Ardavan Amir-Aslani : La guerre est déjà lancée entre l’Iran et Israël avec des bombardements quasi quotidiens des positions des iraniens et de leurs alliés en Iraq et en Syrie. Gaza n’est que le sommet visible de l’iceberg. Mais aussi bien les américains que les israéliens savent que l’Iran c‘est aussi l’Iraq avec 300,000 hommes en armes ayant prêté allégeance au Guide Supreme iranien, les fameux mobilisés ou les Hash AL-Sha’abi ; c’est aussi la Syrie avec les 150,000 centurions des brigades Alaouite ; c’est également le Hezbollah, l’infanterie légère la mieux entrainée au Monde, sans oublier les Houthis au Yémen etc… le dérapage en cas de conflit sera généralisé. Aucun pays de la région ne sera épargné. Même l’Europe sera touchée avec une nouvelle vague migratoire sans précèdent. Tout ceci fait que la raison peut aussi prévaloir. Les iraniens sont en train d’essayer de voir jusqu’où ils peuvent pousser le bouchon. L’absence de réaction américaine après la destruction de leur drone, par un missile sol-air iranien a enhardi les iraniens qui ont vu une absence totale d’appétit de la part de Washington pour un conflit militaire. Après tout, Trump se fait élire entre autres, sur la promesse de ramener les troupes américaines au pays et non pour participer à une nouvelle guerre régionale. Les voix de la raison peuvent donc encore prévaloir surtout que cette situation est la conséquence directe du retrait américain de l’accord nucléaire du 14 juillet 2015. Washington a donc une lourde responsabilité dans le chaos actuel.

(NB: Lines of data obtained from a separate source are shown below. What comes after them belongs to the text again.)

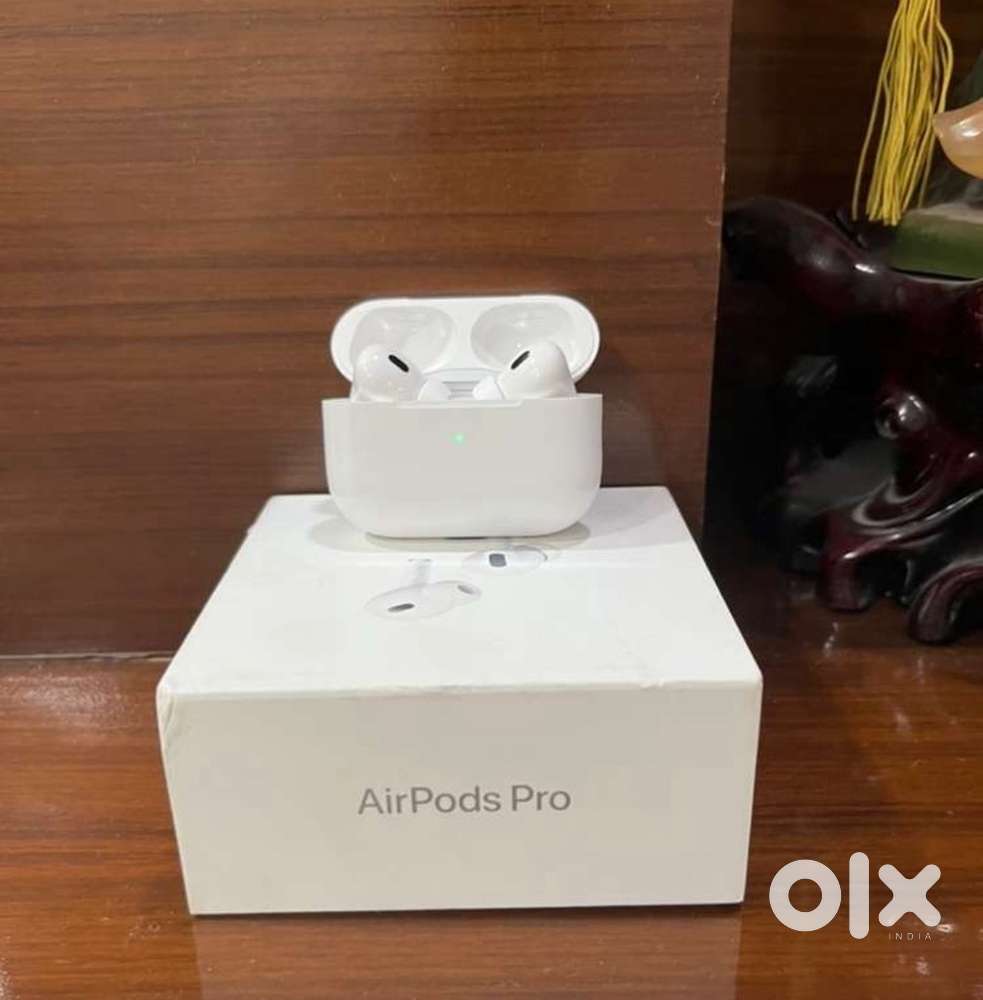 Apple Airpods Pro 2nd Gen (In Warranty)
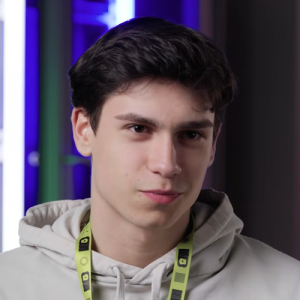 14mer Uygur — Big5 BoyBand option 5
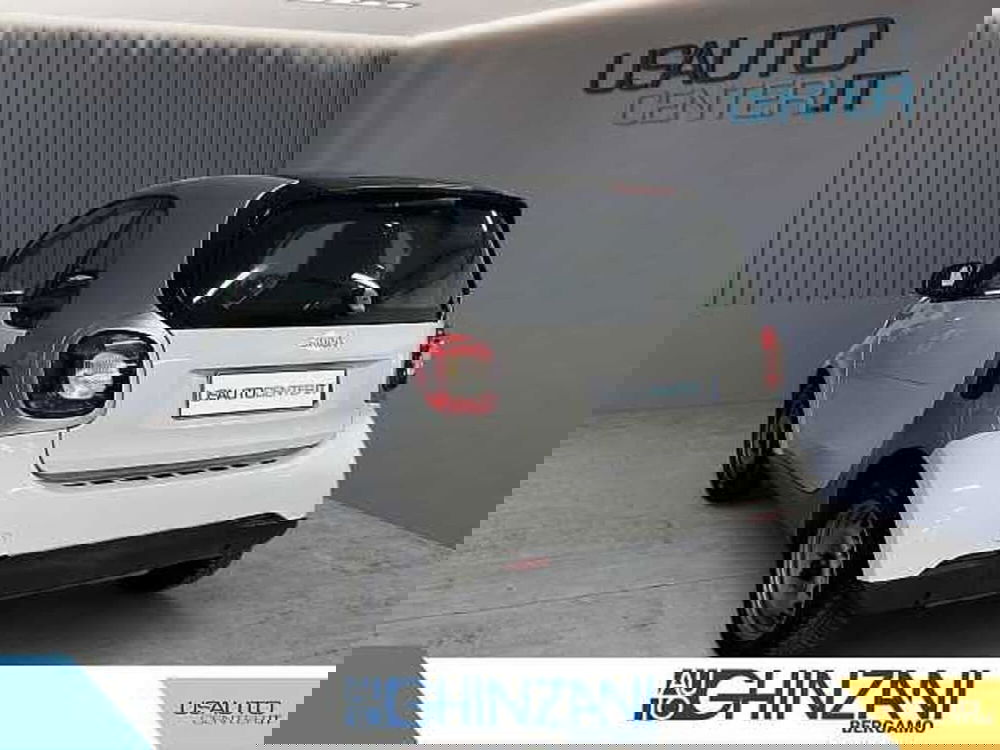 smart Fortwo usata a Bergamo (3)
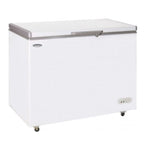 WESTPOINT | Chest Freezer 441 Litres R134A White | WBEQ-4414.GWL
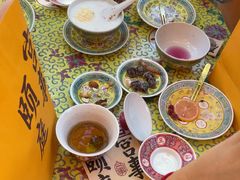 -宫事颐庭·老佛爷贵寿下午茶(颐和园店)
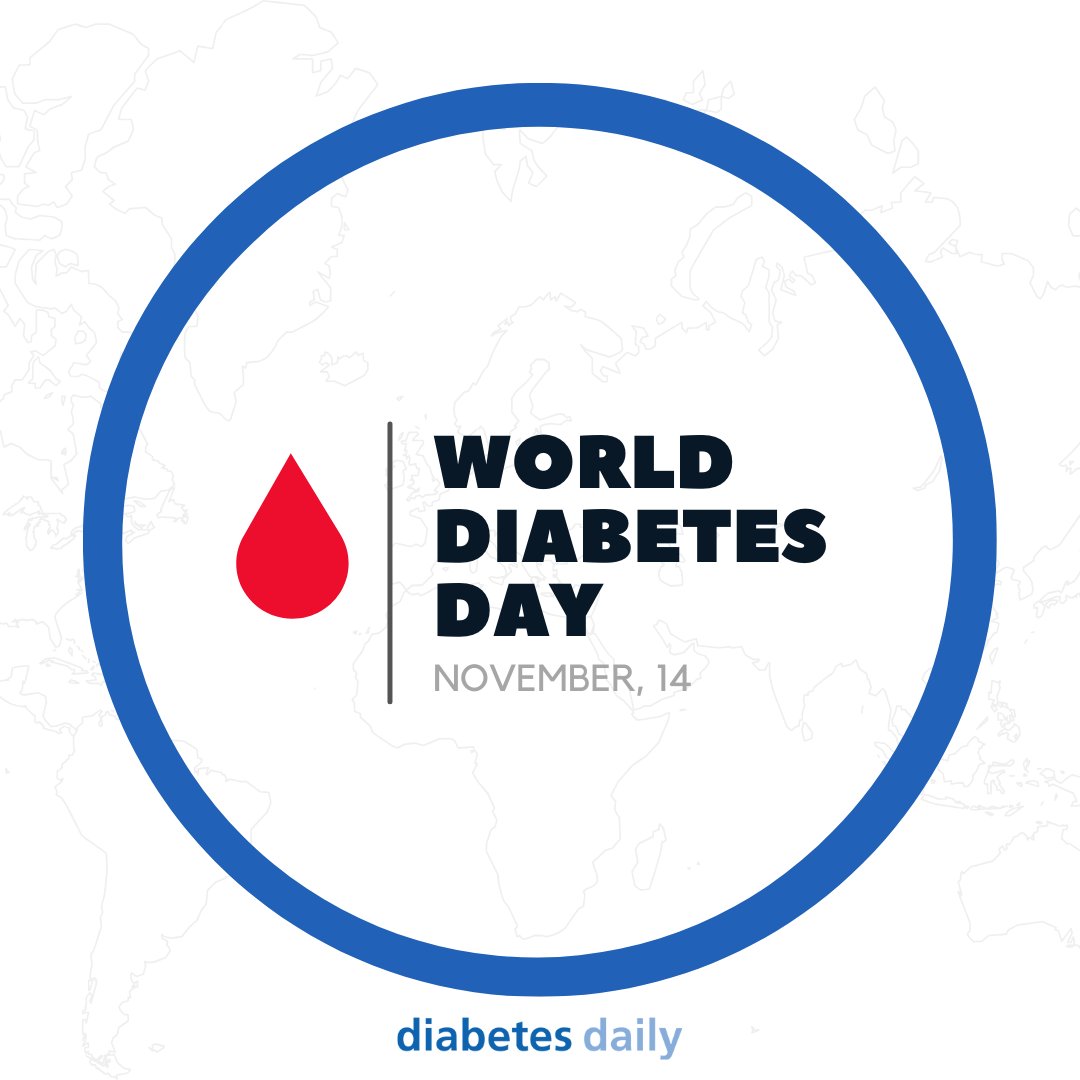 Diabetes Daily tweet media
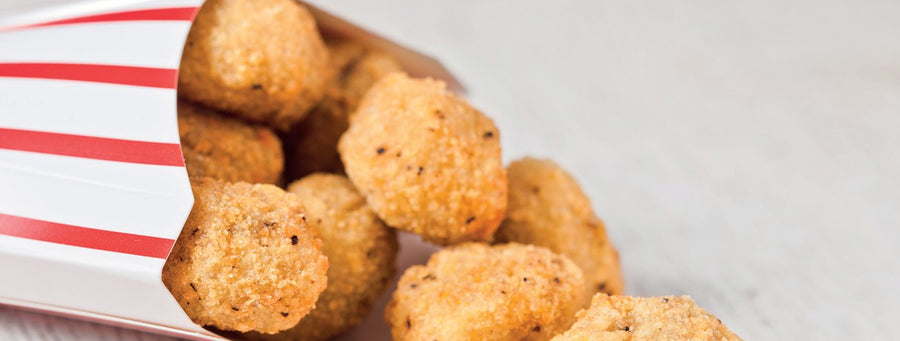 Kipnuggets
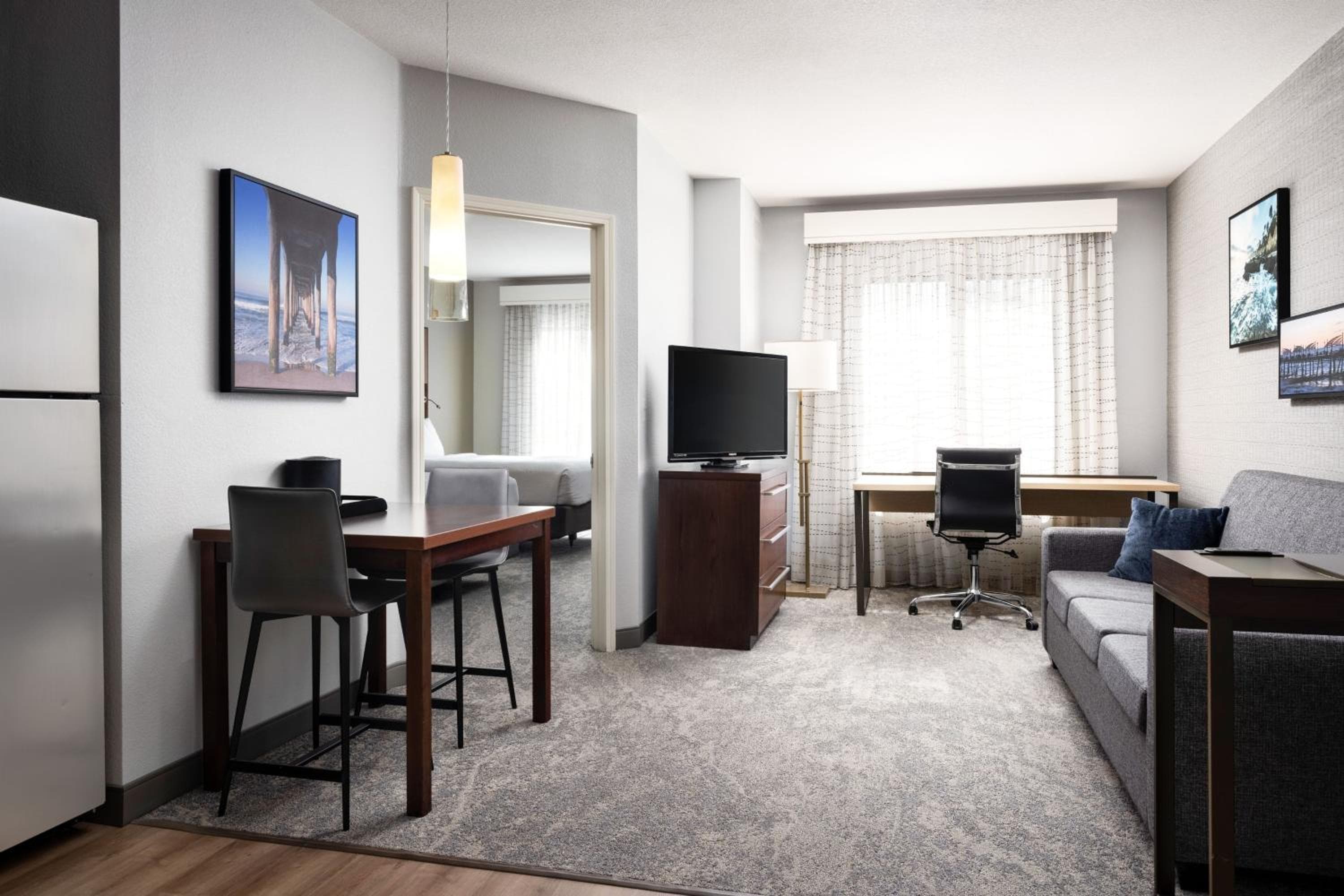 Residence Inn by Marriott Los Angeles Redondo Beach, Redondo Beach, photo 2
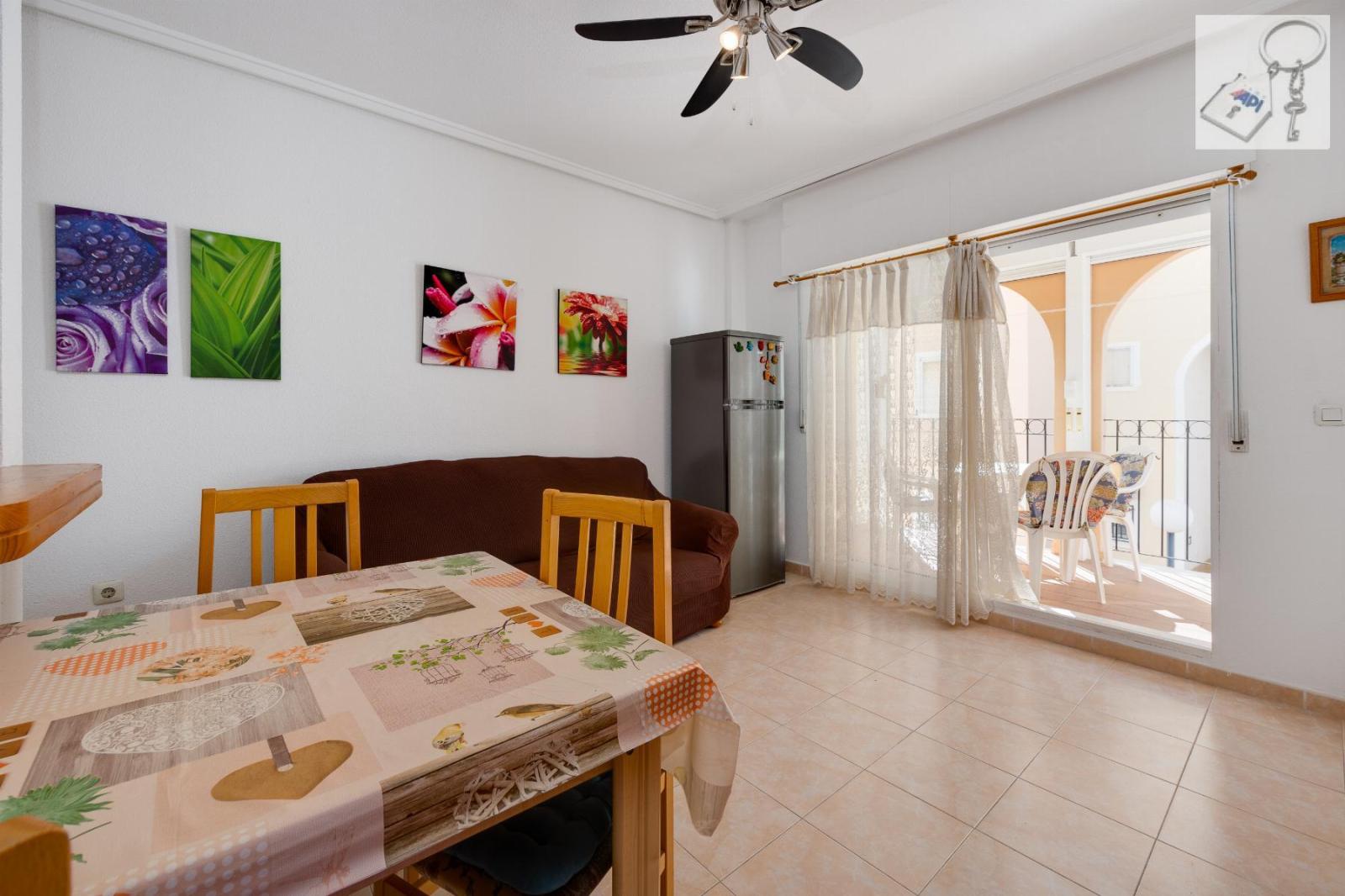 Bungalow for Sale in Torrevieja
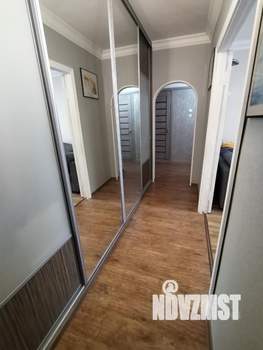 3-к квартира, вторичка, 70м2, 7/9 этаж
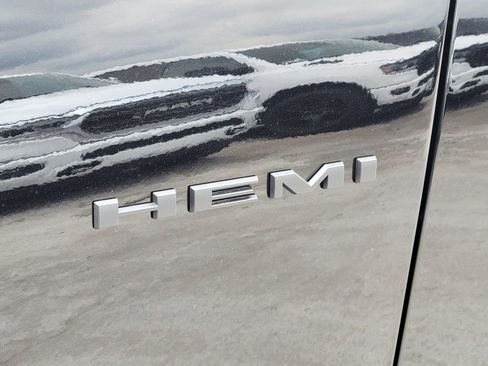 New 2026 Dodge Durango GT image 24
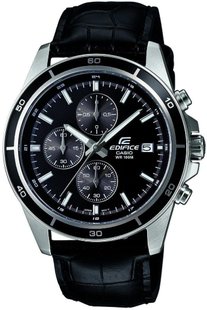 Мужские Часы CASIO edifice EFR-526L-1AVUEF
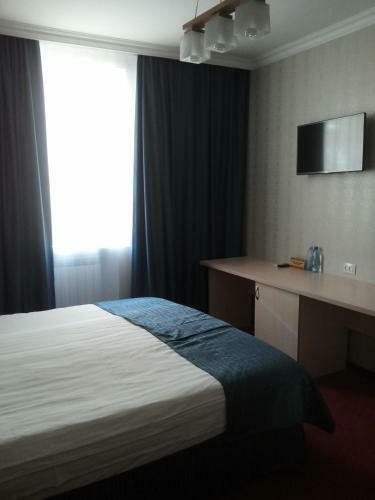 Hotel ?omplex Ak-zhaik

Thierry Coville : Il est évident qu’à partir du moment où les Etats-Unis sont sortis de cet accord sur le nucléaire, en mai 2018, à partir du moment où les Européens ont été incapables de contrer les sanctions américaines, on savait très bien que si l’Iran changeait de stratégie, comme l’Iran a des alliés dans la région, les tensions allaient être beaucoup plus importantes. Les alliés de l’Iran ont leurs propres agendas, certes, mais la sortie de l’accord leur permet de mener leur stratégie. Et à partir du moment où les tensions montent entre Iran et Etats-Unis, chaque action d’un allié de l’Iran peut être interprétée comme une action directe de l’Iran. Mike Pompeo n’a pas attendu de ce point de vue. Donc tout cela peut rapidement déclencher un conflit généralisé.

Cela étant, personne ne veut vraiment du conflit, parce que si conflit il y a, il ne sera pas limité à un pays, il sera régional. Ce serait une catastrophe pour tout le monde. Il y a une forme de prudence générale.